SOURCE DATA:
####
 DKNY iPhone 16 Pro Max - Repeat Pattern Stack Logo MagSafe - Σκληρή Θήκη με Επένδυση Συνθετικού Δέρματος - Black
####
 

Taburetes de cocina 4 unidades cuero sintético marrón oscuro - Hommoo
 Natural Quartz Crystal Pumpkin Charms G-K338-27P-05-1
####
THE PROBLEM: In the material above, transcribe exactly the lines beginning at the one with "Taburetes de cocina" and ending at the one with "Natural Quartz Crystal", both included.

COMPLETED EXERCISE:
Taburetes de cocina 4 unidades cuero sintético marrón oscuro - Hommoo
 Natural Quartz Crystal Pumpkin Charms G-K338-27P-05-1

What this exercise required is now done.